The head of the parish and the school was Monsignor John J. Brady, who told my mother when she registered me that he had never expected to have to take Colored kids into his school. His favorite pastime was holding Ann Archdeacon or Ilene Crimmons on his lap, while he played with their blonde and red curls with one hand, and slid the other hand up the back of their blue gabardine uniforms. I did not care about his lechery, but I did care that he kept me in every Wednesday afternoon after school to memorize Latin nouns.

Lorde, 60

Lorde’s childhood was marred by instances of sexual abuse directed towards her and others that she didn’t quite understand due to her youthfully naive nature. Brady’s frequent molestation of Ann and Ilene is just one example of this as Lorde describes how her annoyance was directed toward Brady's racist prejudice towards her as he kept her late to work on her Latin, not at his systemic abuse enabled by the clergy. Lorde herself was also molested by the comic bookstore owner, as well as pressured by a young boy to have sex with him. She is frank about all these examples of sexual abuse, which would have been uncomfortably familiar to many female readers.
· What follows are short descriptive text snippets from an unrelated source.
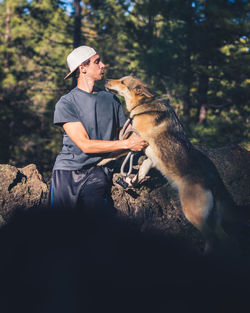 Man with dog sitting on tree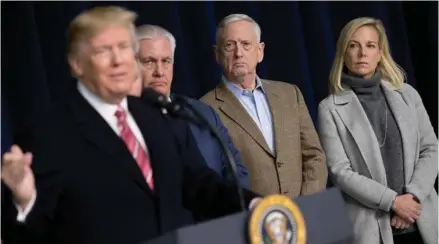  ??  ?? From left, President Donald Trump, accompanie­d by Secretary of State Rex Tillerson, Defense Secretary Jim Mattis, and Secretary of Homeland Security Kirstjen Nielsen, speaks to members of the media after participat­ing in a Congressio­nal Republican...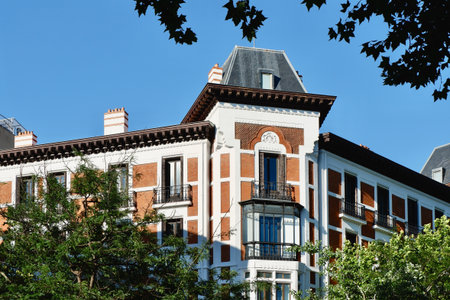 Corner of vintage old fashioned seen through vivid greenery in Chamartin district downtown Madrid, Spain. Spanish vintage architecture.の写真素材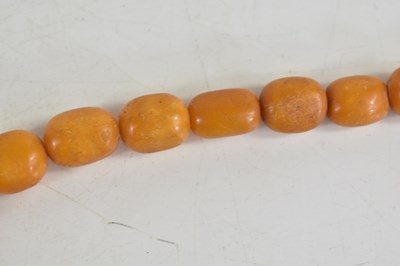 Lot 18 - A vintage butterscotch amber beaded necklace,...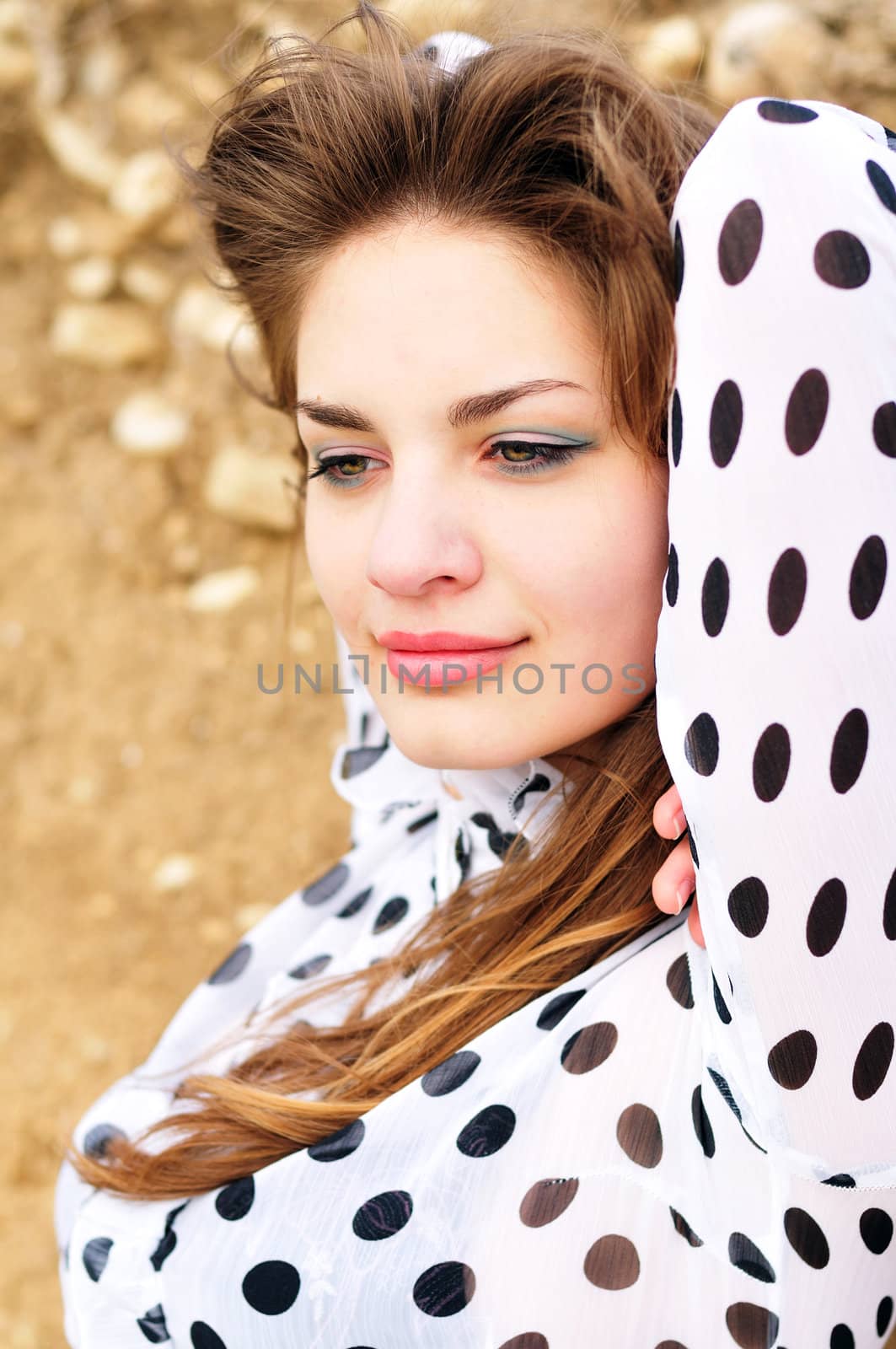 beautiful young girl wearing spotted blouse outdoors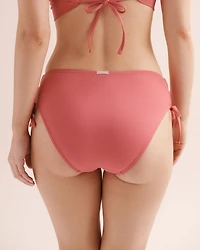 Bas de bikini taille basse gainant à nouer côtel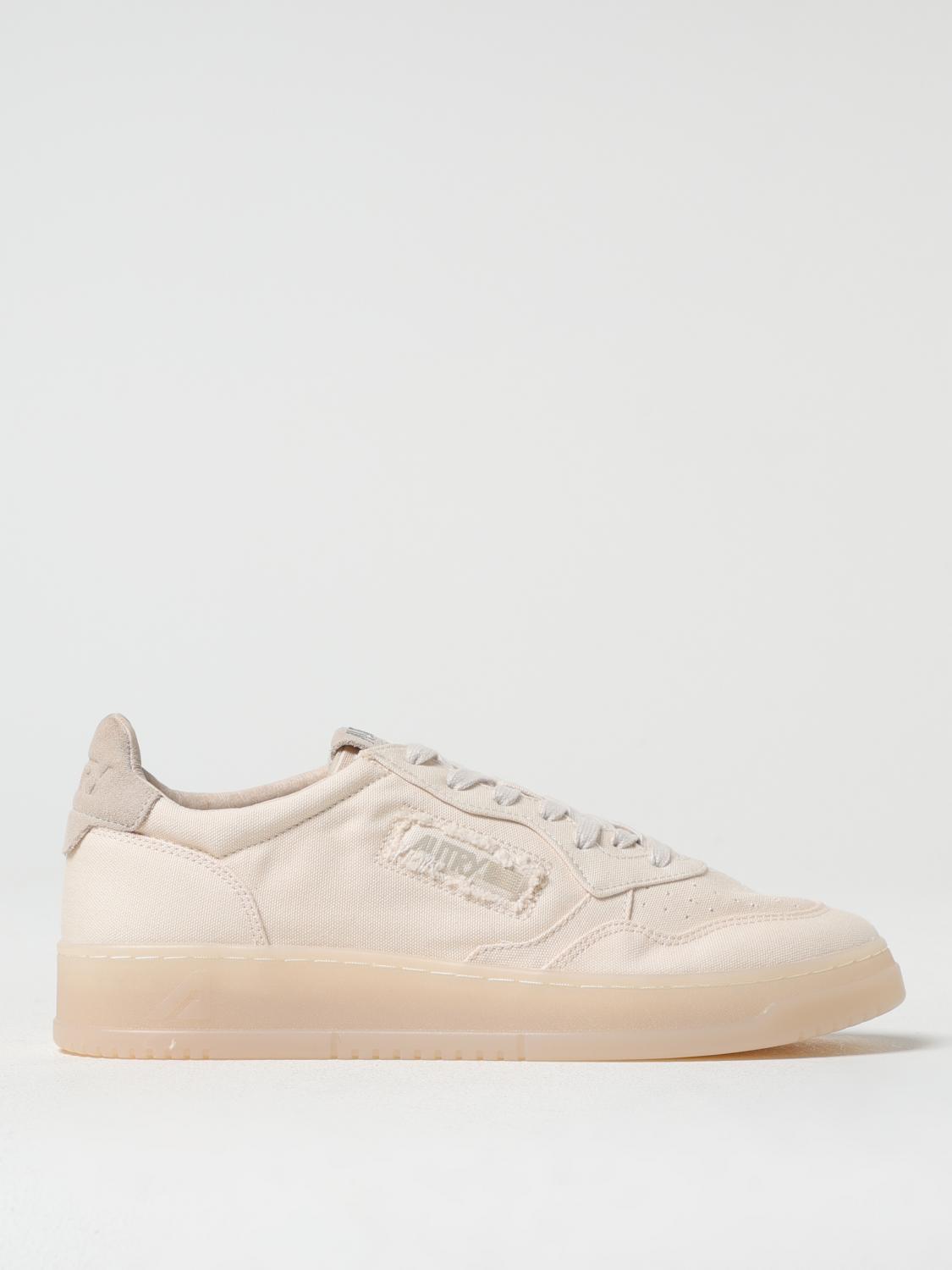 Autry Ivory Sneakers With Design And Cushioned Sole In White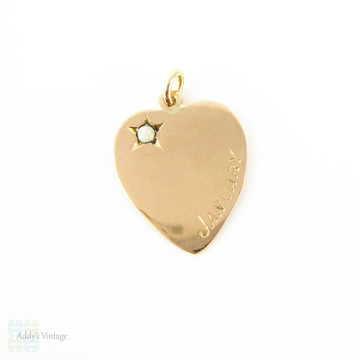 Antique Love Heart Pendant, 9ct Rose Gold Charm with Opal Inscribed January. Circa 1910s.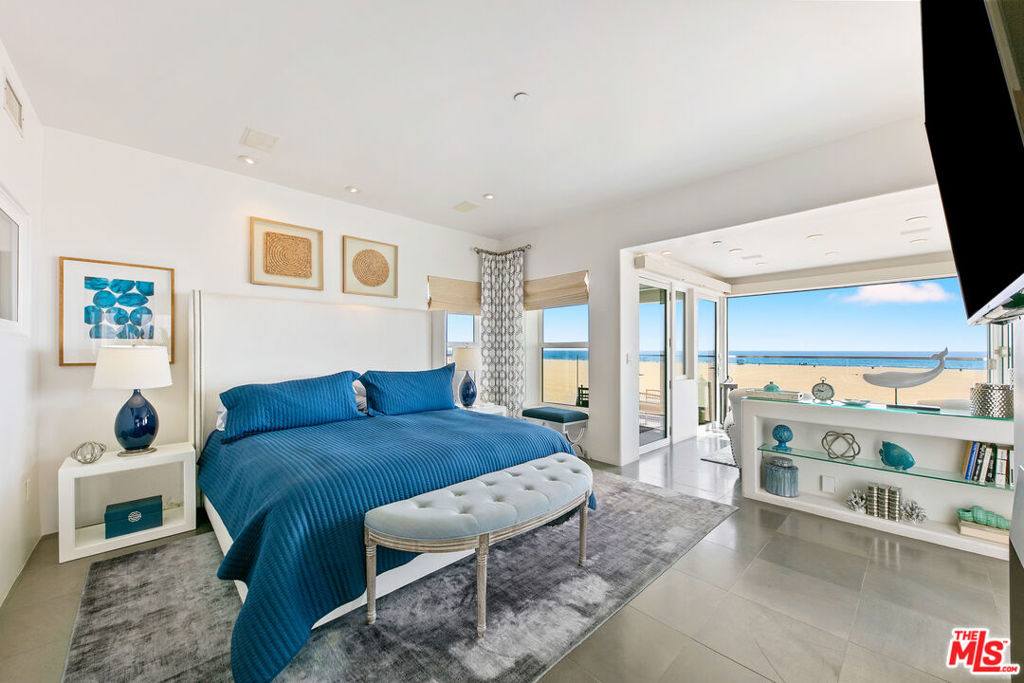 Affectionately known as the Barbie House, this stylish and fully updated beach retreat offers the ultimate Santa Monica getaway. With breathtaking ocean views from all three levels, every moment here feels like a dream brought to life. Take in sweeping, panoramic vistas of the Pacific, the iconic Santa Monica Pier and Ferris wheel, and vibrant Southern California sunsets from the expansive rooftop deck, perfect for morning coffee or sunset cocktails. Inside, the home is fully furnished and move-in ready, complete with plush linens and a well-equipped kitchen. The serene primary suite includes its own private deck overlooking the sand, while two additional en-suite bedrooms provide comfort and privacy for family or guests. The bright and airy great room is made for entertaining, featuring sliding glass doors that open to yet another ocean-view deck. A modern stainless steel kitchen and cozy breakfast nook make dining a delight, whether you're whipping up a quick bite or hosting a sunset dinner. Just steps from the heart of Santa Monica, you're perfectly positioned to explore local boutiques, beachside cafes, the world-famous pier, and bike rentals. This home blends the ease of beach living with the excitement of the city. The owner is open to shorter-term and summer rentals at a premium rate.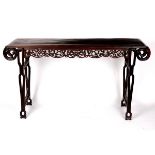 A Chinese altar table, the top with inlaid line, scroll ends and pierced frieze on end supports,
“‘What you think you doing coming into this house wailing about election? If I told you once I have told you a hundred times, don’t chase yourself behind these people, haven’t I? What kind of ninny raise up here to think those good-for-nothing white piss-jets would pass over some little jacabat girl to elect you anything?’”

Linda, 64-65

After Lorde loses her class election for vice-president to Ann Archdeacon, she comes home crying in anger and disbelief. This was one of Lorde’s first experiences with racism. Though she couldn’t control the color of her skin, she worked hard to get the best grades to try and earn her classmates' respect. Instead of electing her vice-president, however, they elected Ann, a conventional white, blonde, blue-eyed beauty. Forgetting that her mother had warned her not to come home upset if she lost, she confides in her, and her mother chastises and slaps her in anger and heartbreak. Lorde’s mother wanted to protect her from experiencing racism as long as she could, and blames both Lorde for not heeding her advice, and the world for not recognizing Lorde’s talents. This is a harsh way to teach a child a lesson, and arguably it didn't work, but it's hard not to see Linda's point.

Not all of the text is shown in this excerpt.